I defy the conventional wisdom that “things usually go badly for the less advanced civilization” in meeting of more of less “advanced” (in practical terms, “advanced” in this context refers to military capability) civilizations (for which I prefer the term “peoples” over “civilization”, “cultures”, etc.), and offer as examples nearly all of the historic encounters between conquering and conquered peoples, from early historical ones, through the 15th through 19th century conquest of central America and the conquest of North America, to recent “regime change” wars.

 

Let’s start with an examination of what “going badly” means, and to whom it applies.

 

In the simplest, extreme scenario, “going badly” means extermination and erasure from the historic record, involving secret mass graves, destroying and expunging documents, etc. In less simply, less extreme scenarios, it means becoming an oppressed ethnic group, ranging from a true slave class with legal rights nearly identical to livestock through caste systems to informal social discrimination.
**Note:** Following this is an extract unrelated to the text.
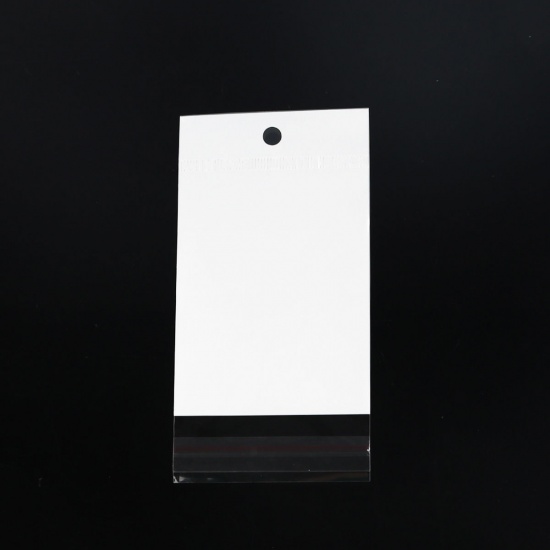 Immagine di Plastica Buste Bustine Confezioni Chiusura Adesiva Rettangolo Bianco Trasparente (Spazio usabile 9cm x 7cm) 13.6cm x 7cm, 100 Pz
A conquered people may pass through many of these states on a time frame spanning generations, as evidenced by there being essentially no modern legal slavery today.

 

Where the conventional wisdom fails, I believe, is in failing to give proper emphasis to to whom on the losing side of a conquest “going badly” applies. In practically all cases, from ancient to modern, it goes as badly as it can – the extermination scenario – for the losers’ rulers and military leaders, and in some cases their immediate and extended families and friends. In some – and I believe most – cases, however, thing actually become better for most of the loosing peoples’ people.

 

By definition, “regime change” “wars of liberation” are intended, at least as a secondary objective, to improve the condition of everybody on the conquered (though this term is avoided) side except their leaders, who are usually defined as dictators, oppressors, war criminals, etc. and either killed when found, or captured, tried, and executed. Pre-20th century conquests were similar – for example, the capture and killing of Montezuma II by a small Spanish expeditionary army with the support of local political dissidents.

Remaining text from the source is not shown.